# Typo Detection Part III Comparing Matrices with the Vector Distance

This entry is part 3 of 6 in the series Typo detection
Hey. This page is more than 7 years old! The content here is probably outdated, so bear that in mind. If this post is part of a series, there may be a more recent post that supersedes this one.

In the last typos-detection-posts I worked out the POS transition matrices for 3 classic books, to serve as comparisons of  “exemplary writing” to compare to my own rubbishy style matrix. What I have done now is done a bit of post-processing on those matrices to try and compare them. To be honest statistics and matrices do my head in, so I have done my best, rather than produce something useful.

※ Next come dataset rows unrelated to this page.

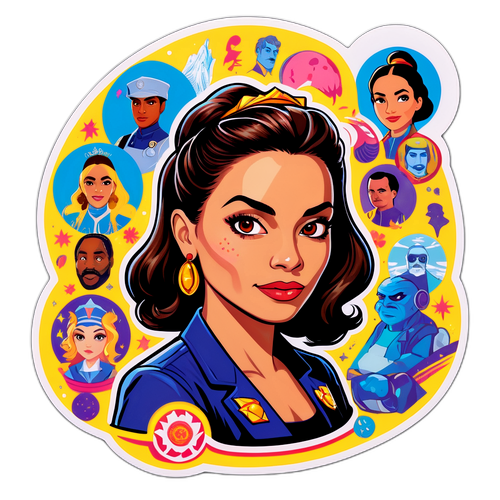 Desenho de Claudia Abreu como personagens icônicos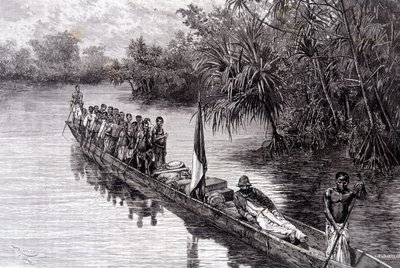Brazzan Savorgnan kanootissa Länsi-Afrikan pandanuksessa - Tour du Mondessa, 2. viikko 1887 tekijältä French School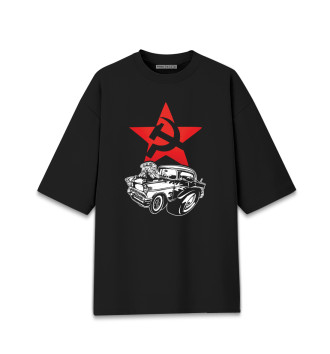 Мужская Хлопковая футболка оверсайз Хот Род СССР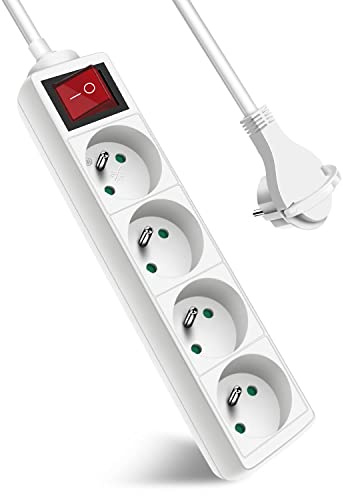 Extrastar Multiprise 4 Prises avec Interrupteur Fiche plate, Bloc 4 prises, Rallonge 1.5m 230 V avec sécurité Enfant, Blanc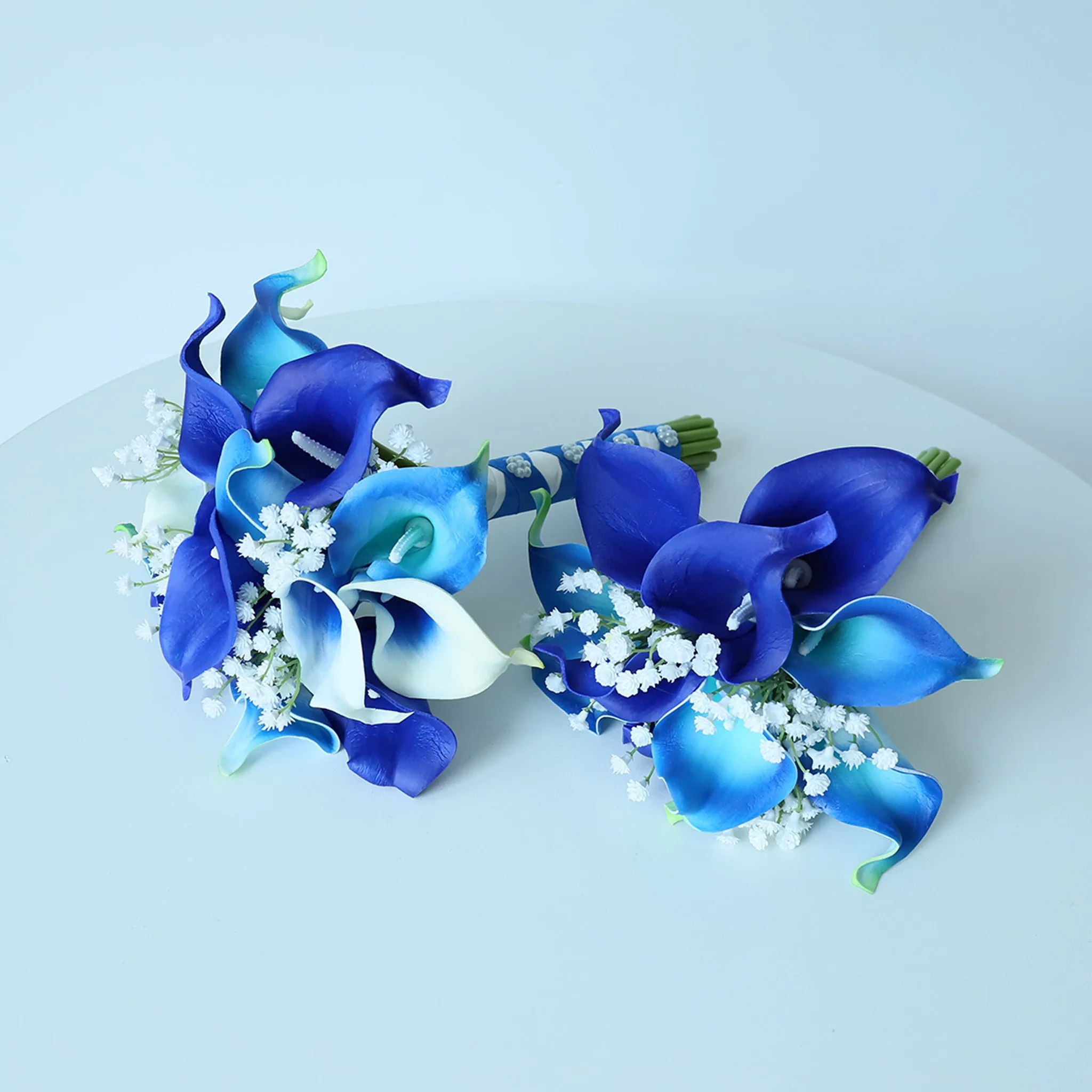 Royal Blue Calla Lily Wedding Bouquets Boutonnieres Corsages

Comparing two matrices is not as trivial as I thought (what is, right!). I googled “How do I compare two matrices” and get the following pointers:

1. You can calculate the distance between matrices. There are (more than) a couple of ways to do this, I think, but the most understandable to me is calculating the norm of the difference
2. You can do a correlation analysis.
3. You can produce a similarity matrix

I have done all of the above to cross-compare the four matrices I have, to see if I get anything useful. Excuse me for what follows: my explanation for what numbers I have crunched.

## Matrix Distance

This lecture paper explains matrix norms pretty clearly:

The norm of a matrix is a measure of how large its elements are. It is a way of determining the “size” or “magnitude” of a matrix that is not necessarily related to how many rows or columns the matrix has.

Perfect! And so if I work out the norm of the difference between matrixes, $\lVert \mathbf{A-B} \rVert = norm(\mathbf{A} - \mathbf{B})$, this will be me a single scalar which is an indication of the similarity between $\mathbf{A}$ and $\mathbf{B}$ (as the norm/distance gets closer to zero).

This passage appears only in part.